Specifically, in a low-temperature region of around −30° C., viscosity of an electrolyte solution increases and thus mobility of electrolyte ions decreases in pores of activated carbon constituting a positive electrode active material. This causes such problems that charge and discharge capacity significantly decreases and internal resistance increases. Thus, in order to increase the mobility of electrolyte ions at low temperatures, activated carbon having a large pore volume (cc/g) has been used as a positive electrode active material. However, although the internal resistance is decreased at low temperatures by using the activated carbon having a large pore volume (cc/g), the use of such an activated carbon alone decreases density of the positive electrode, thus causing a problem that capacity per volume (F/cc) becomes low.
On the other hand, in order to achieve further improvement in performance of an electric double layer capacitor under a low-temperature environment, there is proposed a technique for improving charge and discharge characteristics and internal resistance characteristics by using activated carbon having a pore diameter determined by a BJH method within a range of 1.0 to 1.5 nm and a peak value of pore volume within a range of 0.020 to 0.035 cm3/g (see, for example, Patent Literature 1).
However, the activated carbon descried in Patent Literature 1 has a BET specific surface area as small as 1500 to 2200 m2/g.
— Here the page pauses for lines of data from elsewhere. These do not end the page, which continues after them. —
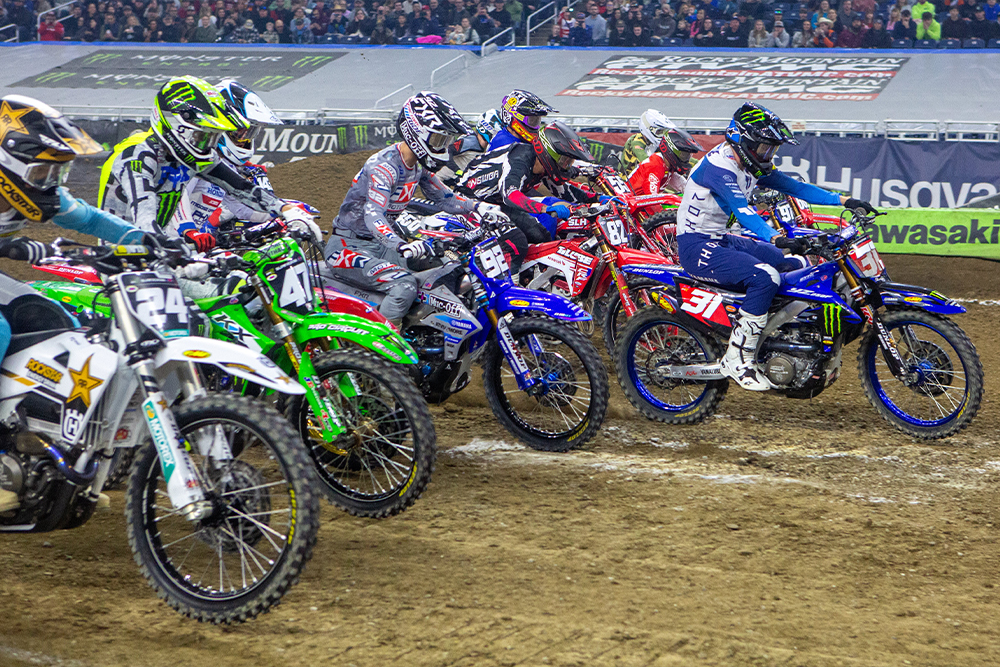 2025-detroit-supercross-cycle-news-250-start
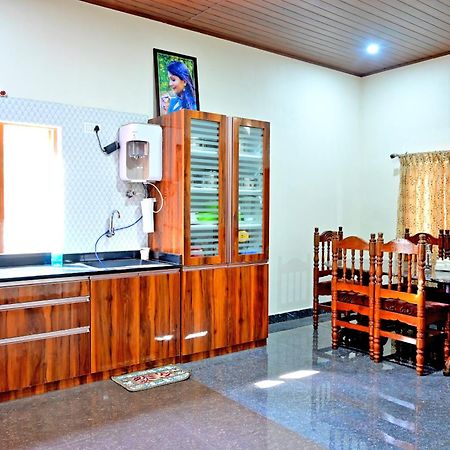 Hulihara Homestay - Full Villa, Coffee Estate & Balcony View Sakleshpur Extérieur photo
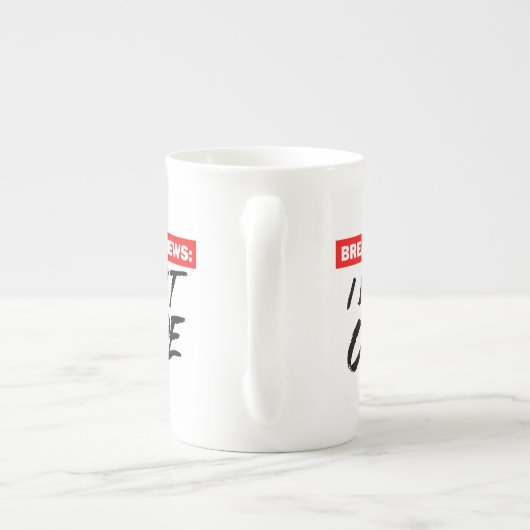 ニュースを報告しま気にす ボーンチャイナマグカップ (裏面)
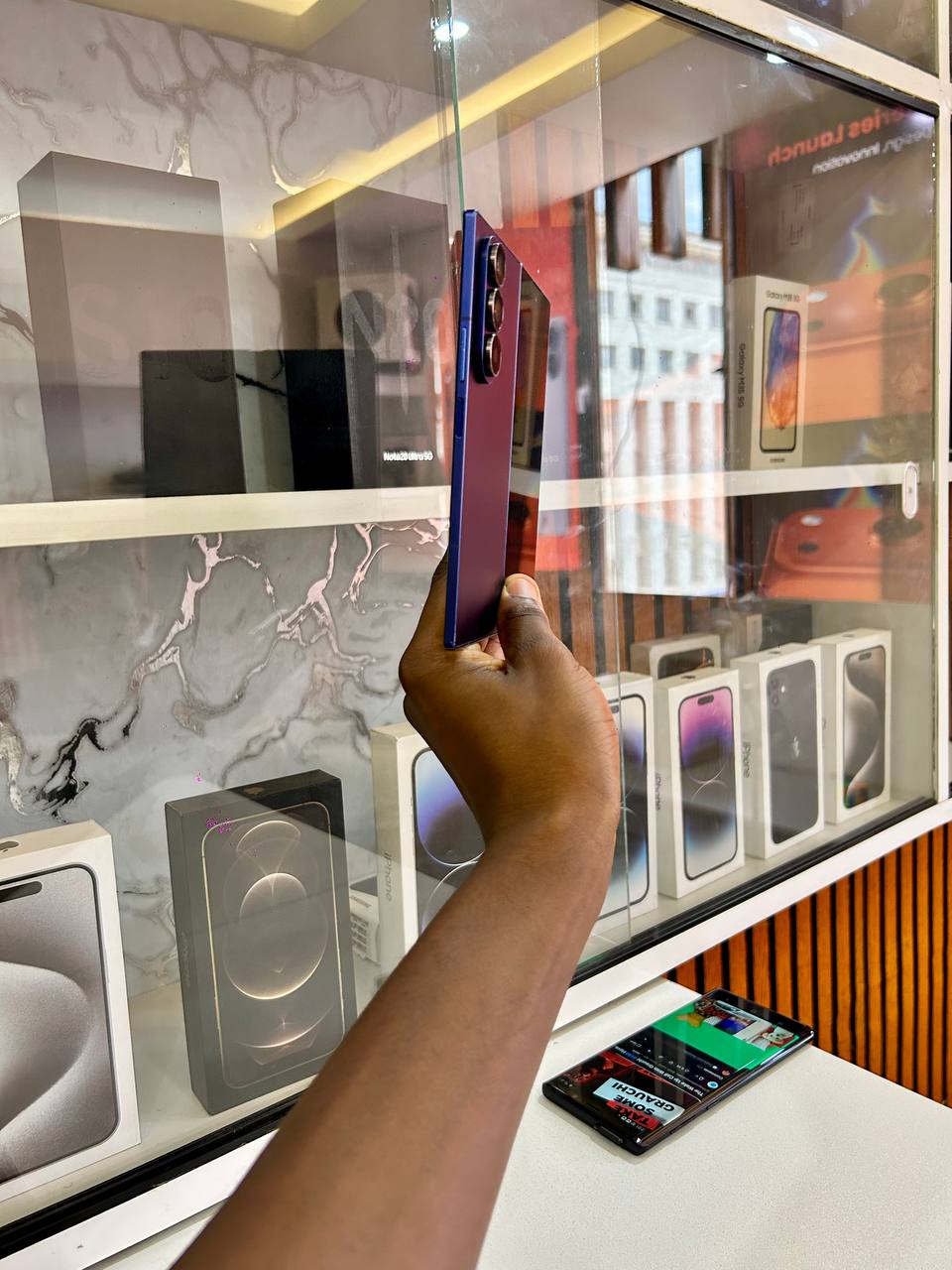 SAMSUNG GALAXY Z FOLD 7: A POWERFUL PHONE-TABLET HYBRID WITH A STUNNING 8-INCH DISPLAY, ULTRA-FAST PERFORMANCE, 200MP CAMERA, AND PREMIUM DESIGN BUILT FOR MULTITASKING, ENTERTAINMENT, AND NEXT-LEVEl.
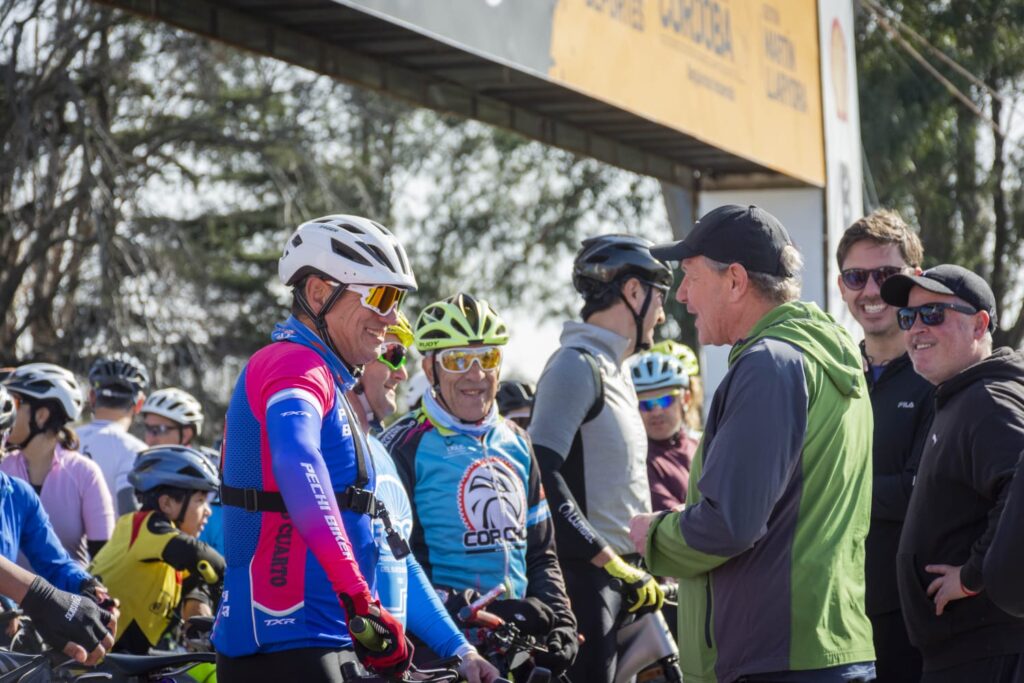 Más de 300 personas participaron de la bicicleteada que inauguró el programa Ciclismo Seguro en el Autódromo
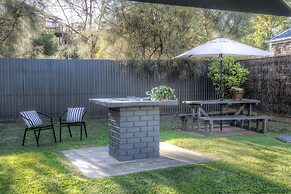 Sorrento Beach Motel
Thus, using such activated carbon as a positive electrode active material in the lithium ion capacitor causes a problem that the charge and discharge capacity decreases even at normal temperature.
Further, as a positive electrode active material for lithium ion capacitor, there is proposed activated carbon having the BET specific surface area of 1500 to 3000 m2/g, a ratio (A) of a volume of pores having a pore diameter of not lower than 0.6 nm and lower than 1 nm to that having a pore diameter of not lower than 0.6 nm and not more than 200 nm within a range of 0.48≤A≤0.70, a ratio (B) of a volume of pores having a pore diameter of not lower than 1 nm and not more than 6 nm to that having a pore diameter of not lower than 0.6 nm and not more than 200 nm within a range of 0.20≤B≤0.52, and a total pore volume within a range of 1.21 cc (mL)/g to 1.62 cc/g (See Patent Literature 2).
However, the positive electrode active material described in the prior art document 2, which has the BET specific surface area of 1500 to 3000 m2/g and the ratio (A) of the volume of pores having a pore diameter of not lower than 0.6 nm and lower than 1 nm within the range of 0.48≤A≤0.70, has an insufficient pore volume in a range of pore diameter necessary for increasing the charge and discharge capacity at around −30° C. This causes a problem that a lowering rate of the charge and discharge capacity at −30° C. with respect to that at normal temperature increases.
Further, in either of the above prior art documents, there is no description relating to pore characteristics of an electrode incorporated into the lithium ion capacitor. Thus it has been unclear as to what kinds of pore characteristics are preferable in the electrode that is constituted by the positive electrode active material as well as other auxiliary materials such as a conductive aid and a binder.